3. The defendant filed an appeal. The appellate court made a thorough re-appraisal of the evidence. The appellate court has taken great pain in analysing the facts of the case. The appellate court held that though the survey number of the property is not seen included in the title deed of the defendant, on a careful examination of the description of the property which has been given in kole measurements, it is seen that the disputed property is included in the title deed of the defendant. Ext. D1 assignment deed is the title deed of the defendant. Ext. P1 is the title deed of the plaintiff.

4. The appellate court after a careful examination of both these titles, observed that at the time of Ext. P1 pattamachit or earlier as well as at the time of Ext. D1 assignment deed, the parties could not have known that the survey boundary goes through the point 'A' and therefore, they could not have known that the portion lying to the south of that point is part of survey number 44/1. Survey number 44/1 is the survey number of the disputed property. The parties were careful in delineating the property by giving all the side measurements of the property in their title deeds. It is seen that in regard to certain side measurements, it is given with so much accuracy to note even fractions of the dhandu measurements. In Ext. D1 assignment deed, which was executed on 29th Dhanu, 1112, the north-south measurement given is 20% dhandus, whereas in the east-west direction there are two measurements shown even though the difference is only one-fourth dhandu. All these have been done to ensure the accuracy of the description of the property. From an analysis of these measurements in the light of the commission report and plan, the appellate court found that Ext. Dl title deed of the defendant would take in the disputed property also. On this finding, the appellate court dismissed the suit. It has to be remembered that where on a construction of a document transferring title to hold a property, it is clear that the intention of the parties was to transfer a parcel of land within well defined boundaries, any erroneous statement or omission to state survey number, should be rejected as falsa demonstratis.

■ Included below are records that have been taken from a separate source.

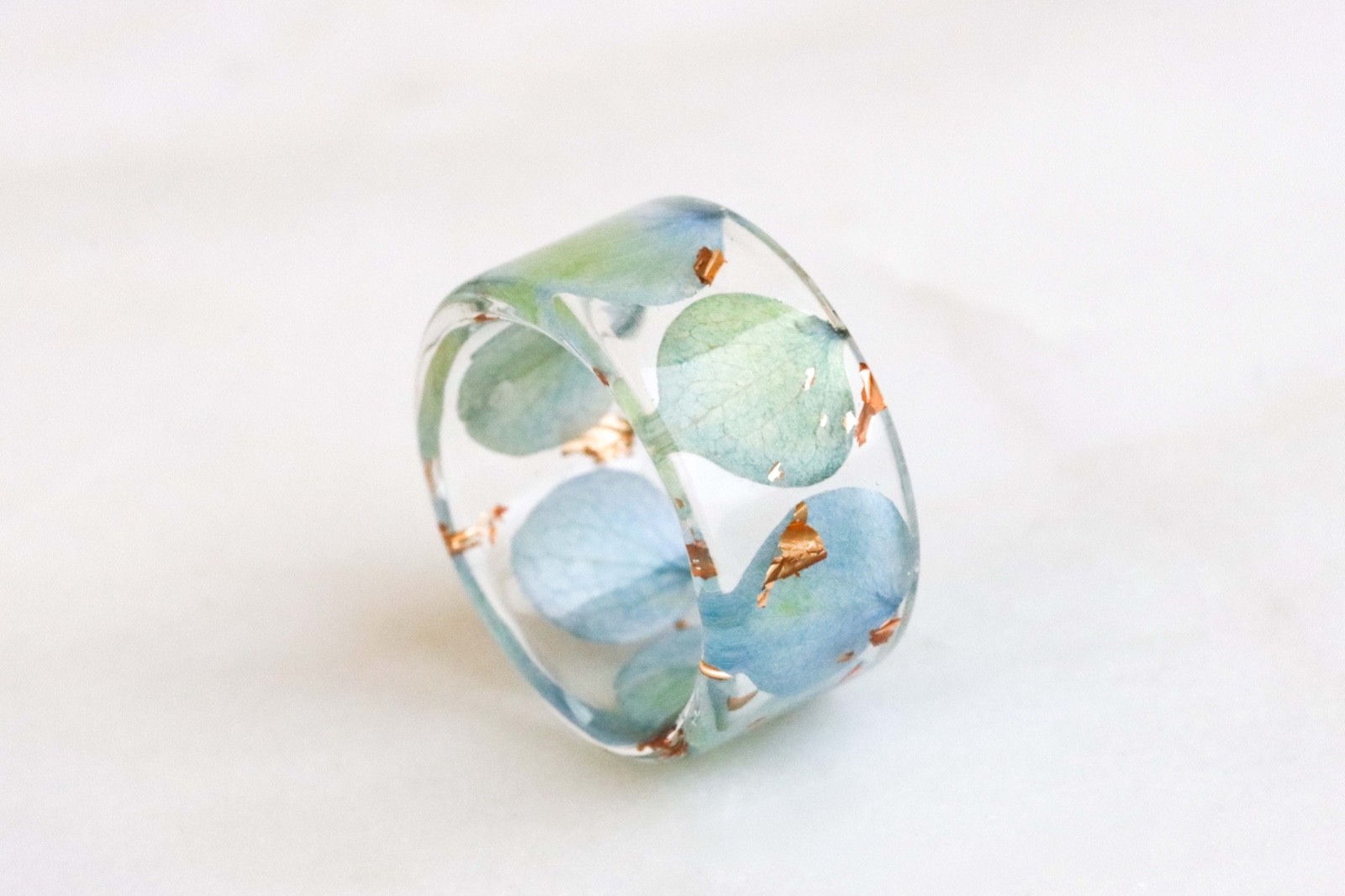 Blue Hydrangea Resin Ring with Metal Flakes – Handmade Botanical Floral Band
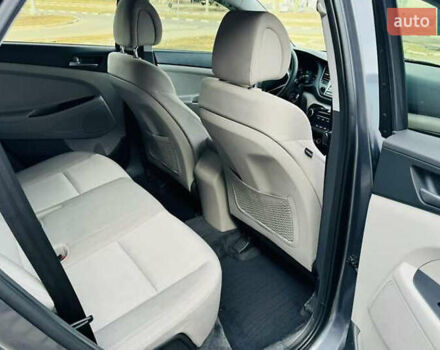 Серый Хендай Туксон, объемом двигателя 2 л и пробегом 79 тыс. км за 15500 $, фото 11 на Automoto.ua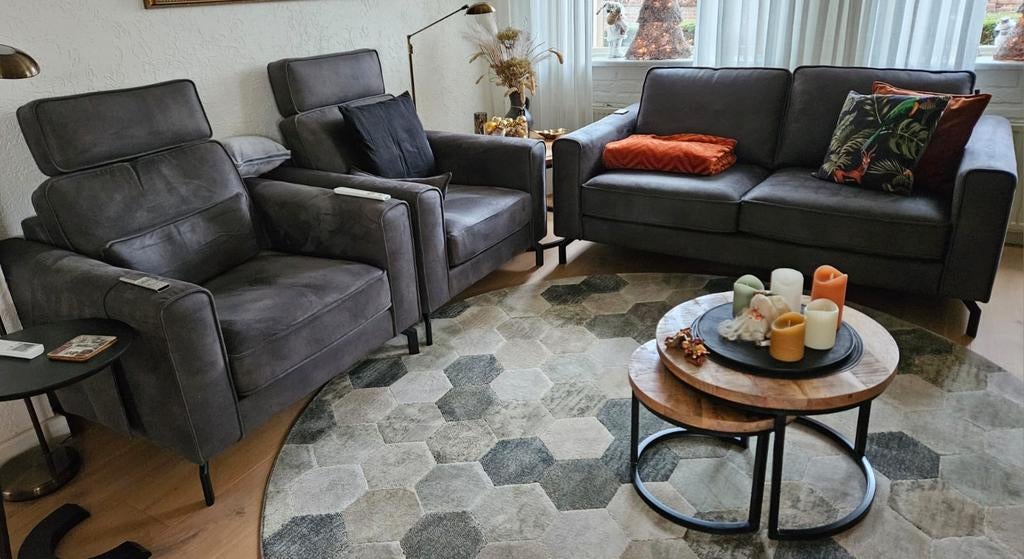 Bankstel tweezits en 2 losse fauteuils Kleur: antraciet, Ophalen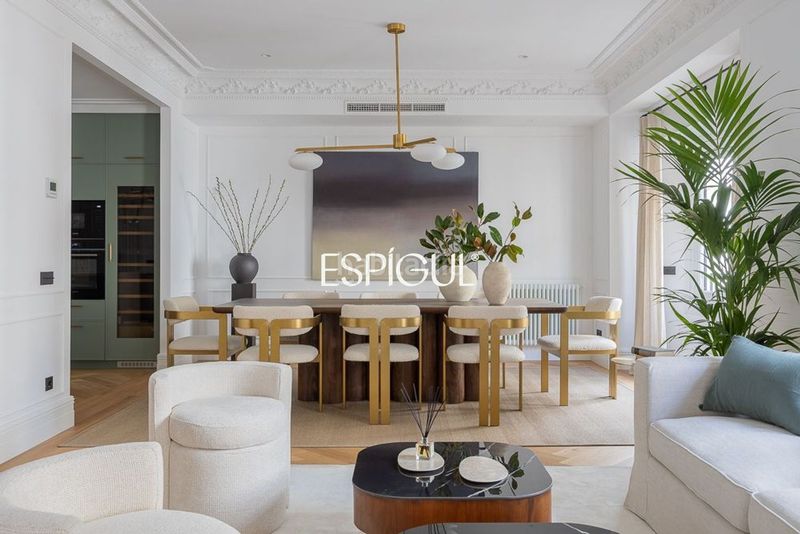 Foto 28d15fb5-5b40-4967-9eec-9d879bcab0b1. Pis amb calefacció a Recoletos Madrid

5. I need not say that it is now well settled that the High Court has no jurisdiction to entertain a second appeal on the ground of erroneous finding of fact, however gross the error may seem to be. The only point that has been urged by the learned counsel for the appellant is that the finding of the appellate court is erroneous. Of course, the learned counsel submitted that when he urges that the finding is erroneous, he only meant that the conclusion drawn by the appellate court from the factual situation emerged from the evidence and other circumstances considered in the case is wrong and that the soundness of the conclusion drawn from the finding of facts is always a matter of law. The counsel may be correct. True, the proper legal effect of a proved fact is necessarily a question of law. But on a careful consideration of the evidence which was very clearly analysed by the appellate court, I have to agree with the conclusion of the appellate court, since in my view that is the only conclusion that is possible from the findings of facts recorded by the appellate court. Since the counsel wanted to tell me what is a question of law, I am tempted to refer Rose v. Humbles, (1970) 2 All ER 519 though here it may not have much relevance. Under Section 56(6) of the Taxes Management Act, 1970, the courts have power to determine only a question or questions of law arising on the case stated, but in Rose v. Humbles (Inspector of Taxes) it was decided that the question whether or not an adjournment should have been granted is such a question. This case was followed in Ottley v. Morris, (1979) 1 All ER 65.

I see no merit in this appeal. The appeal is dismissed. In the circumstances of the case, I make no order as to costs.